Day 1: Henry Heth runs into John Buford, who does an absolutely masterful defense in depth, delaying the massing Army of Virginia just long enough for the Union Army to arrive and claim the high ground by the skin of their teeth. The high rate of fire provide by Union cavalry breechloaders and Spencers figures signficantly here. I believe Dick Ewell has been unfairly slandered for not taking Cemetery Ridge at the end of that day.

Day 2: The Army of Northern Virginia had just been reorganized after the death of Jackson, effectively fixing something that weren't broke. The well oiled machine has been jumbled up.

The irrepressible Dan Sickles later claimed credit for winning the battle, I believe he had a case. Arriving on Cemetery Ridge, he sends the Sharps-rifle armed 1st US Sharpshooters forward to scout out Seminary Ridge, skilled marksmen all, able to fire nine aimed shots per minute, they collide with arriving Alabama troops and commence a twenty-minute slaughter before withdrawing, blunting the Confederate momentum. Sickles then famously advances to the Emmitsburg Pike road, occupying the Wheat Field and the Peach Orchard.

The Confederate troops arriving on the field were pumped, they were used to winning and the sense was this was the battle that could win the war. I believe that had their been a single well-defined Union line along Cemetery Ridge, the Rebs may have waited until more troops arrived, formed up, and broke that line. Instead, arriving Confederate units are thrown piecemeal into the meat grinders of the Wheat Field and Peach Orchard. They come within an ace of winning anyway, taking the ground and forming to take an undefended section of ridge. In another nick-of-time event, Hancock throws in the veteran 1st Minnesota. They attack against 4 to 1 odds, suffering 80% casualties in 20 minutes, the few still on their feet retire in good order, carrying captured Confederate colors, the gap in the Union line now closed up behind them.

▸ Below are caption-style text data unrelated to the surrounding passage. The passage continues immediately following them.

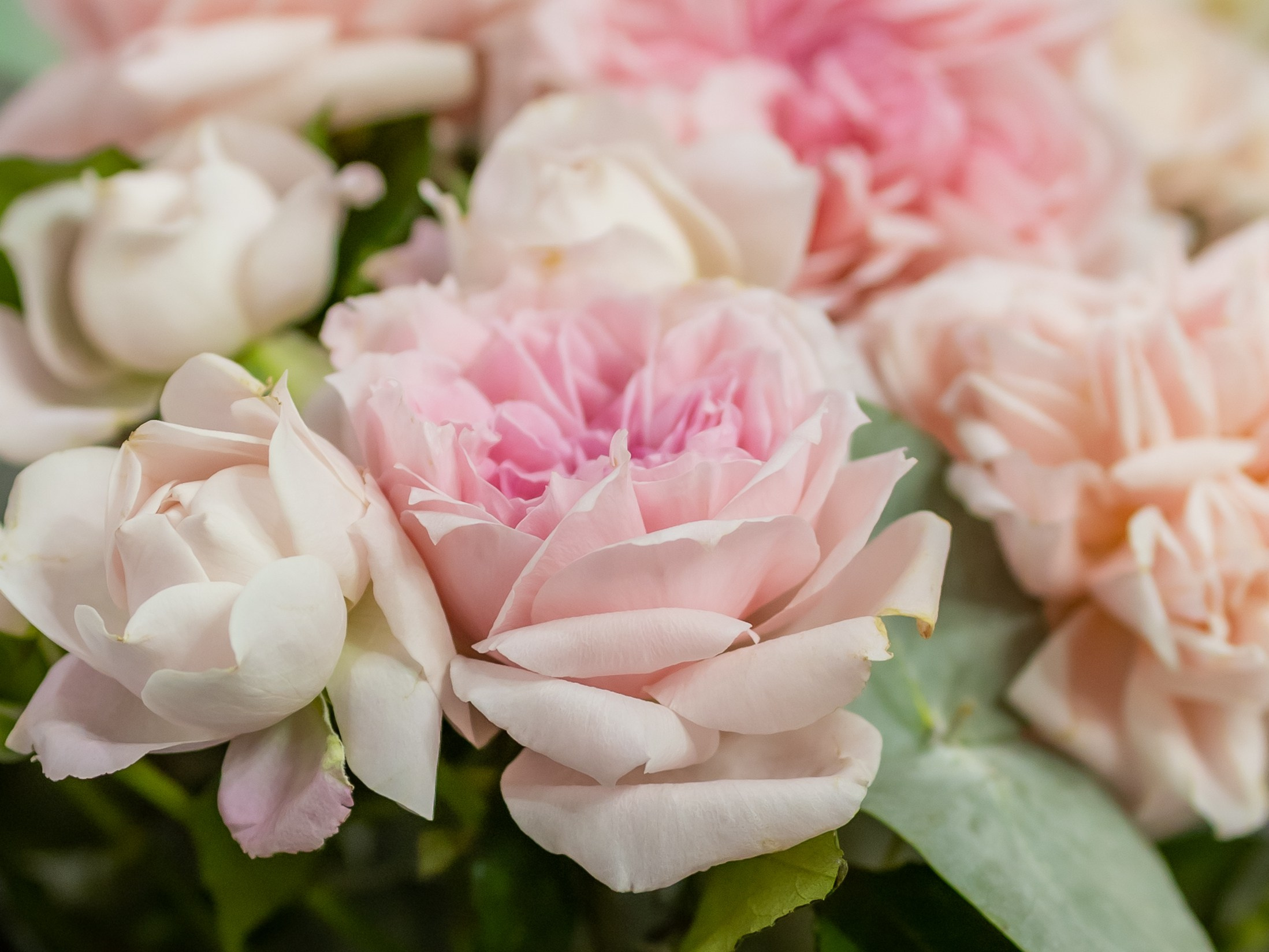 Цветы-Экспо 2024. Фотосессии и репортаж — Фотограф в Москве — Рина Серёгина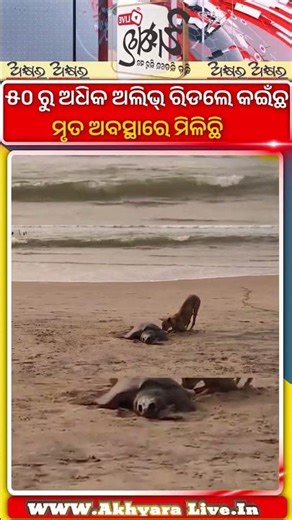 ଗଞ୍ଜାମର ହରିପୁର ଉପକୂଳରେ ୫୦ ରୁ ଅଧିକ ଅଲିଭ୍ ରିଡଲେ ମୃତ କଇଁଛ ମିଳିଛି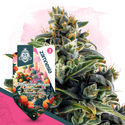 Club Tropicana -pakkaus – Autoflower-lajikkeet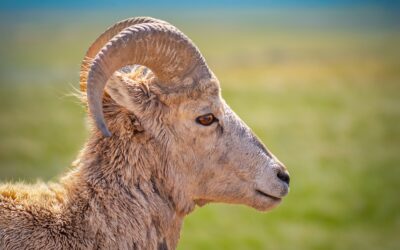 Bighorn Sheep Side Face Badlands National Park South Dakota Wildlife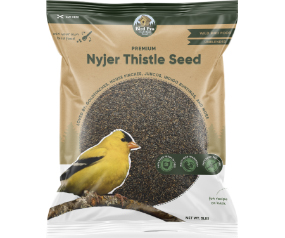 Premium Nyjer Thistle Seed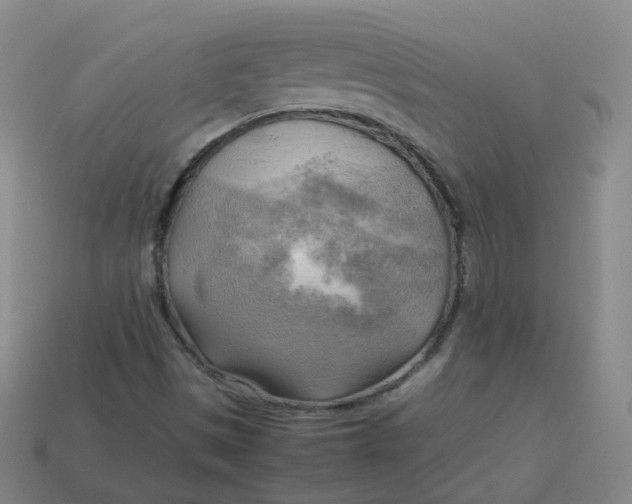 X0000113751497200910141014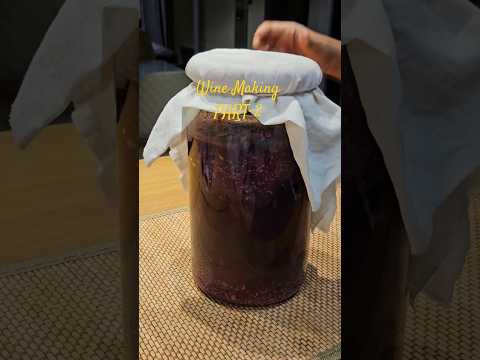 Wine Making | Grape Wine| Part 2 | After 21 days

In yet ANOTHER nick-of-time event, Union General Gouveneur K Warren realizes Little Round Top needs to be fortified, right away, artillery and infantry are rushed in, including the famous Joshua Chamberlain and the 20th Maine. Mostly forgotten in the action that follows I think is the role of 15 US Sharpshooters stationed in a pile of boulders off the Union left flank between the Round Tops. Woodlands today but open ground at the time. Fifteen guys times nine rounds a minute equals 135 aimed rounds a minute poured into the flank of the Alabama troops assaulting Little Round Top. Cut the Sharpshooters some slack and make it 100 rounds a minute, still translate to Confederates getting knocked down like flies. Maybe this explains why they broke before Chamberlain's final heroic bayonet charge.

Day 3: General Lee is suffering from a severe bout of dysentery, his mobility is limited. The situation in the Confederate Army is dangerously chaotic, communication between recently jumbled and reorganized Corps not nearly what it should be, but Lee still has 50,000 effectives on hand, so he devises a plan to use most all of them, all at once.

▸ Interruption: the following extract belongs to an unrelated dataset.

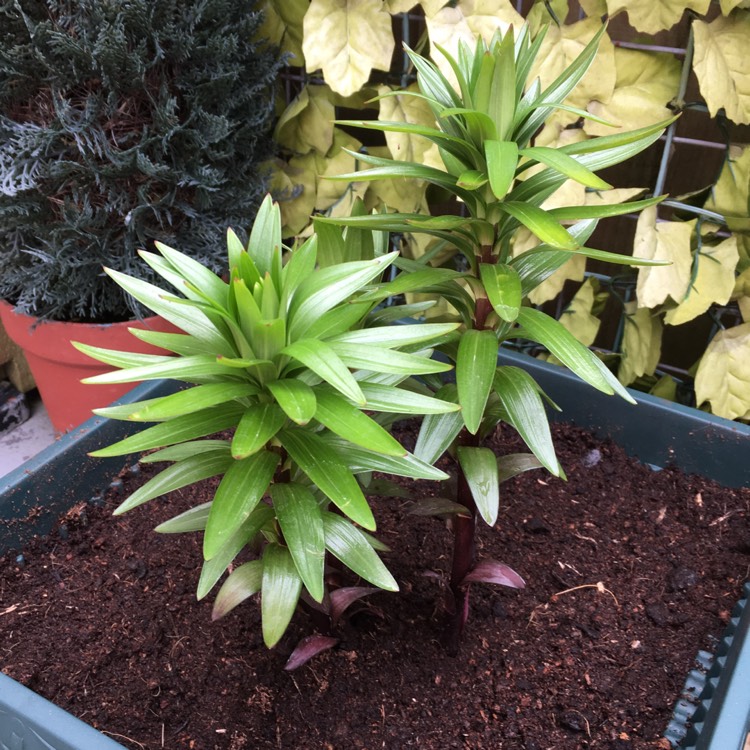 Plant image Lilium 'Bright Joy'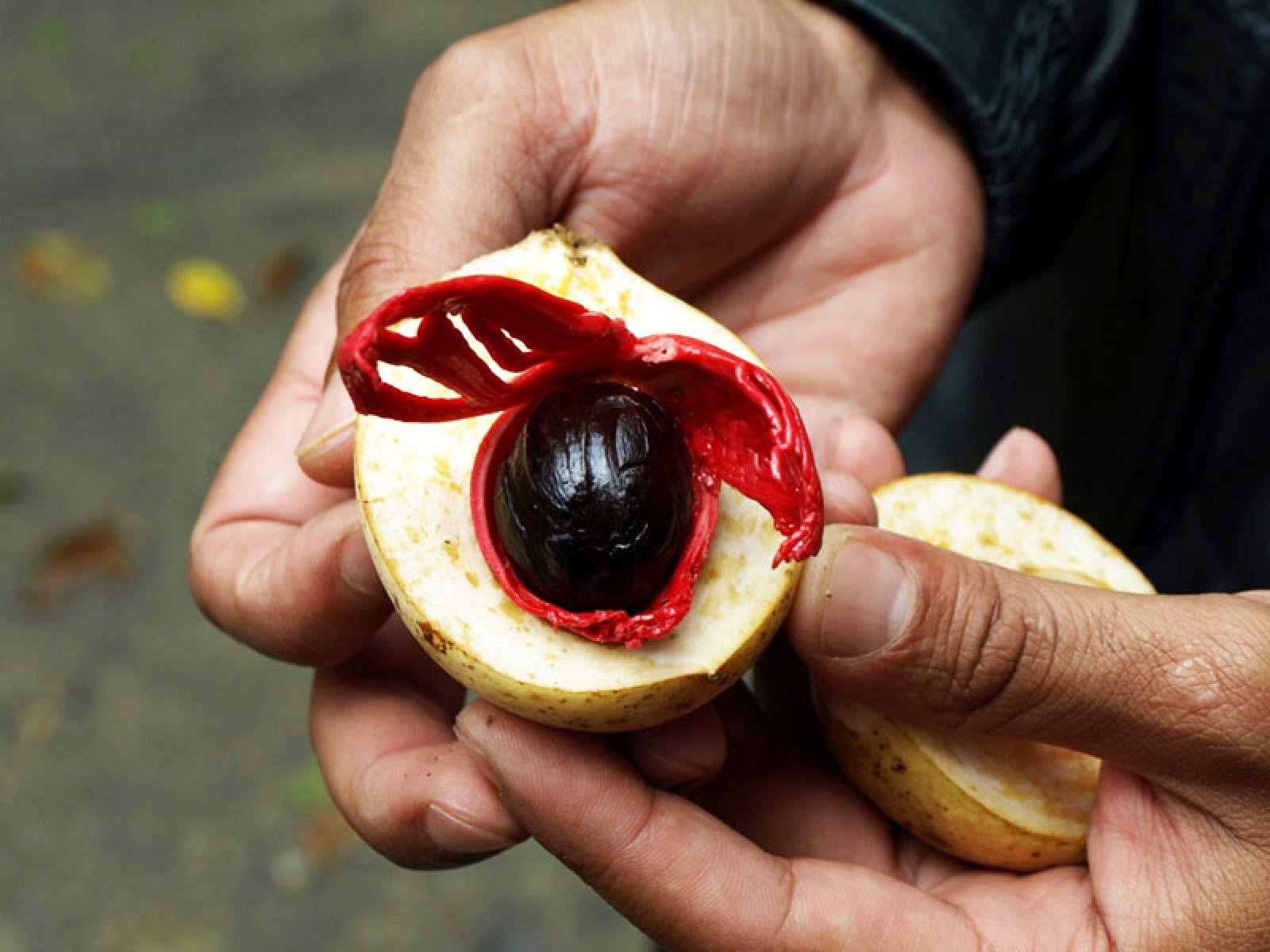 Creative Farmer Seeds For Sprouting Myristica Fragrans - Nutmeg Seeds Seeds For Planting Seeds Kitchen Garden Seeds Pack (B078R1GCRV) Amazon Price History, Amazon Price Tracker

Pressure is to be applied all along the Union line, tying the Union forces in place. A massive cannonade on a scale far beyond anything yet in the war is planned to batter and disorganize the Union center. JEB Stuart is dispatched with 2,000 of his legendary Untouchables to make a far end run around the Union right flank and come in against the Union center from the rear in conjunction with Pickett's 12,000 fresh troops attacking that same section of the line from the front.

We all know what happened, everything went FUBAR for the Confederates, the general movement against the ends of the Union lines never happened, allowing the Union troops the freedom to concentrate in the center. Spencer rifles again, in the hands of Michigan Cavalry skirmishers, repeatedly stall Stuart's Cavalry, still Union cavalry leaders,wishing to avoid a career-ending defeat hesitate to block Stuarts advance. Then Custer arrives, the right lunatic in exactly the right time and place, takes command of 500 Michigan Wolverines, and charges headlong into four times his number of Confederates, loses three horses in rapid succession, and shatters the Confederate formation.

So it all came down to just 12,000 Confederate Infantry, less than a quarter of the available manpower on hand, assaulting a still-intact Union line. That was never supposed to have happened.